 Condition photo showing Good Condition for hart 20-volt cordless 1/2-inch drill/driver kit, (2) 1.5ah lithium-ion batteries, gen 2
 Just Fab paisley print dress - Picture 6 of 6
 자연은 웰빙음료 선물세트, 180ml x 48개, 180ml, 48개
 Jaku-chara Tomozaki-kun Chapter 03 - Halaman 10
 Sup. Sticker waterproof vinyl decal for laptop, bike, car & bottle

= = =

**Exercise instructions**
Copy exactly, and only, the lines from the one containing "Jaku-chara Tomozaki-kun Chapter" through the last line of the listing.

**Task response**
 Jaku-chara Tomozaki-kun Chapter 03 - Halaman 10
 Sup. Sticker waterproof vinyl decal for laptop, bike, car & bottle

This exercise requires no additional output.